With chants of “Stop Lynas!” and “Kami bukan tikus makmal! (We are not lab rats!)”, the protesters cheered on a delegation of six as they went in to the high commission to present a memorandum on the Lynas controversy to the Australian government.
The memorandum, addressed to the Australian high commissioner to Malaysia, urged the Australian government to do all it can to make sure Malaysians are safe from the threat of potential radiation poisoning.
“We are not convinced by the assurances of Lamp, (and others allied to their cause), that the Lamp is safe. If it truly were so, surely then your country should readily keep that industry within its borders, or at the very least be prepared to take back the waste (which contains the deadly thorium).

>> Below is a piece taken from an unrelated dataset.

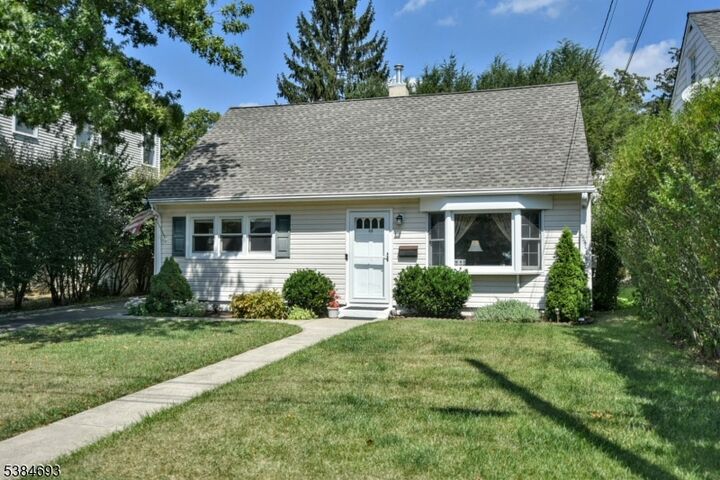 65 Bergen Ave  Waldwick Boro NJ 07463 photo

“But your country has flatly refused to take back their own waste,” the memorandum read.
No guarantee of safety
Save Malaysia, Stop Lynas committee spokesperson Vincent Jiam, who was in the delegation, later said that the residents in Kuantan - just 20 minutes from Gebeng where the plant is being built - are outright opposed to the project.
“On moral grounds, Lynas is taking advantage of our outdated environmental law. Because of the loophole in the law, it is easy for Lynas to bring in the ore from other places.
“We cannot control it... the ore will come not only from Australia by that time (the plant is operational). Who can stand there, count and check every packet (of ore)?
“We don't want the industry to start at all, regardless of whether it is safe or not safe. We don't want it because there is no guarantee (of safety),” he said, adding that they give Lynas till Aug 31 to pack up and leave.
Rare earth industry 'disastrous'
Kuantan MP Fuziah Salleh echoed Jiam's concerns, questioning the moral fibre of Lynas' leadership in exploiting Malaysia's lax environmental protection.
“This industry is associated with much disaster. Nobody in the world wants to have it. Lynas said they got a licence in Australia, but why don't they do it there?
“I studied the matter and found that the requirements were too strict... in Australia you cannot have residents anywhere close-by. In Gebeng, you have 700,000 residents in a 35km radius (around the plant),” said Fuziah, who was also in the delegation.
The Lynas rare earth plant is expected to be completed by this September, despite facing public outrage over claims that its operations will produce radioactive waste that are potentially harmful to the public.
The Australian mining company and the Malaysian government have repeatedly assured that the plant will be safe and will not be a public hazard.Growing public anger over the project however forced the government to moot the formation of an international expert panel formed by the International Atomic Energy Agency, which is expected to furnish the government with a report on the plant's safety by the end of June.